Mösyö Leblanc bir anda bembeyaz kesilmişti. Etrafına dikkatle bakmasına rağmen yine de korkmuş birine benzemiyordu. Durumu gözlemlediğinde sağlam bir tuzağın içine düşmüş olduğunu anlamış, masanın arkasına geçmişti. Az önce kendi hâlinde, hayırsever bir ihtiyar olan adam; bir anda sanki bir atlet gibi atik davranarak gardını almıştı. Sandalyesinin tahtasına elini gözdağı veren bir şekilde dayadı. Marius, böyle bir tehlike karşısında kılını oynatmayan bu yürekli ve güçlü ihtiyara tam anlamıyla büyük bir hayranlık duydu.
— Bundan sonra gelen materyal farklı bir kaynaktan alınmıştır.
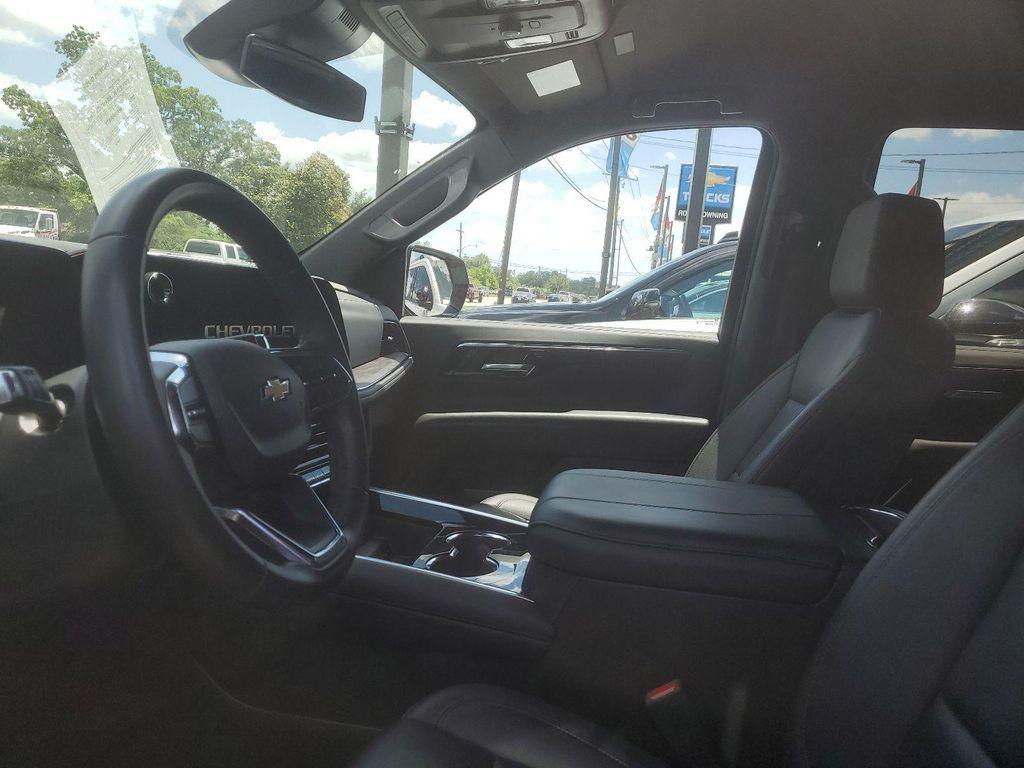 used 2025 Chevrolet Tahoe car, priced at $58,147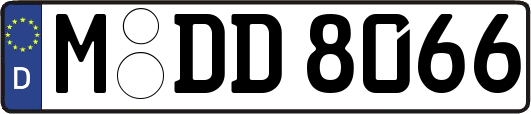 M-DD8066
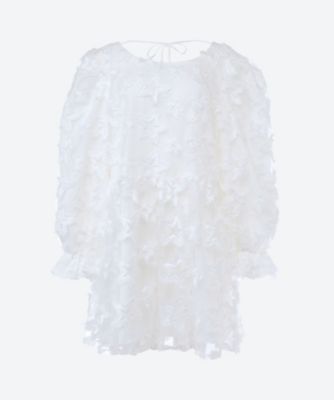 ＜sister jane (Women)＞Ｐｅｒｉｗｉｎｋｌｅ　Ｏｒｇａｎｚａ　Ｍｉｄｉ　Ｄｒｅｓｓ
Aslında sevdiğimiz kızın babası bizim için asla bir yabancı sayılmaz, öyle değil mi? Marius bu adamla bir taraftan da gurur duyduğunu hissediyordu. Jondrette’in maden işçileri diye tanıştırdığı üç adam köşedeki hırdavatlara eğilmiş, bir şeyler arıyordu. Biri eline bir kerpeten aldı, diğeri keser, üçüncüsü de bir kıskaç. Tek kelime etmeden kapıyı tuttular. Yatakta uyuklayan ihtiyar adam kısa bir süreliğine gözlerini açmış, Madam Jondrette ise sinerek onun yanına oturmuştu. Marius artık birkaç saniye sonra harekete geçme vaktinin geleceğini düşünüp sağ elini o deliğe doğru yükseltti, ateş etmeye hazır vaziyette beklemeye koyuldu. Jondrette yeni gelenle fısıldaşmasından sonra ziyaretçiye döndü ve iğrenç gülüşüyle sorusunu yineledi:
“Demek beni tanımadınız, öyle mi?”
Mösyö Leblanc öfkeli gözlerle doğrudan ona bakarak cevap verdi: “Hayır.”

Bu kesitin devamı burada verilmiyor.